October 2000: Lt. Col. Anthony Shaffer, an Able Danger member, meets with the Defense Intelligence Agency deputy director and offers him a computer disc with information about al Qaeda and Atta, but the DIA official declines to accept the disc.

January 2001: Able Danger leaders brief Gen. Hugh Shelton, chairman of the Joint Chiefs of Staff, on their findings.

Spring 2001: Able Danger program is abandoned.

Sept. 11, 2001: Al Qaeda operatives hijack four commercial jets, kill 2,986 people in New York, Washington and western Pennslyvania.

Sept. 25, 2001: Weldon and two other lawmakers meet at the White House with deputy national security adviser Stephen Hadley. Weldon later says he showed Hadley a chart developed more than a year earlier by Able Danger, diagramming 60 members of al Qaeda around the world and including Atta and the Brooklyn cell. Hadley later says he recalls seeing a chart at some point but doesn't remember when or exactly what it showed.

Nov. 15, 2002: Over opposition from President Bush, Congress sets up a high-level commission to investigate the Sept. 11 attacks.

Oct. 21, 2003: Three staffers of the 9/11 commission, along with an unnamed 'representative of the executive branch,' meet with Shaffer and two other Able Danger members at a U.S. air base in Afghanistan.
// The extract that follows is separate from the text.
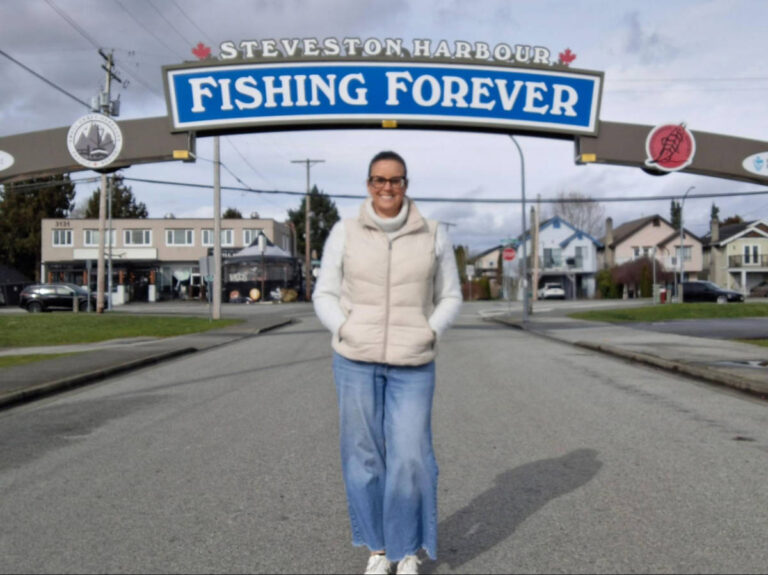 Travel Lemming writer Catherine Driver, smiling for a photo under the arch signage at the Steveston Harbour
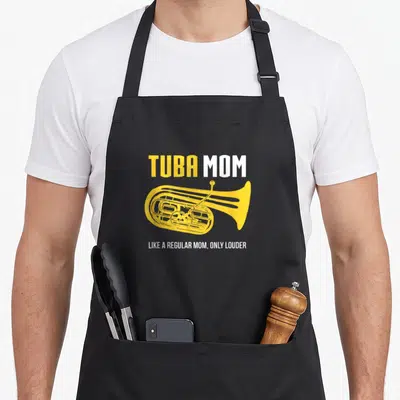 Band tuba apron - Yellow tuba illustration with TUBA MOM text in distressed yellow and white fonts — shown on a black cotton canvas apron against a white background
Shaffer later claims that he told the 9/11 staffers that Able Danger had located, at least a year before the Sept. 11 attacks, four of the al Qaeda members who later carried out the hijackings and attacks, including ringleader Atta; 9/11 commission aides will dispute Shaffer's version of the meeting, saying the Able Danger operatives didn't cite Atta or other hijackers.

July 22, 2004: After a 20-month probe, the 9/11 commission releases a report on the 2001 attacks. The report casts blame broadly across the government for underestimating the threat from al Qaeda and makes sweeping recommendations for change, but doesn't cite Able Danger or its findings, even to refute them.
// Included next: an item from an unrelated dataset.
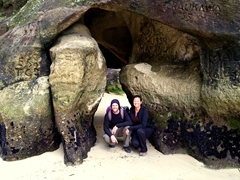 Posing beneath a natural archway; Anchorage Beach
Aug. 12, 2005: Thomas Kean and Lee Hamilton, the leaders of the 9/11 commission, release a statement on Able Danger, citing the 9/11 panel's conclusion that Able Danger 'did not turn out to be historically significant' and provided no strong documentation of its member's claims.

August/September 2005: Weldon meets with military officers involved with Able Danger, who describe their findings.

Sept. 1, 2005: At a Defense Department briefing, Pentagon officials for the first time acknowledge the previous existence of Able Danger and say at least some Able Danger data had been destroyed.

Sept. 21, 2005: Senate Judiciary Committee holds hearing on Able Danger. Defense Department prohibits Able Danger officers from testifying.

September/October 2005: Senate Intelligence Committee hears closed-door testimony on Able Danger and promises to release a report on the program."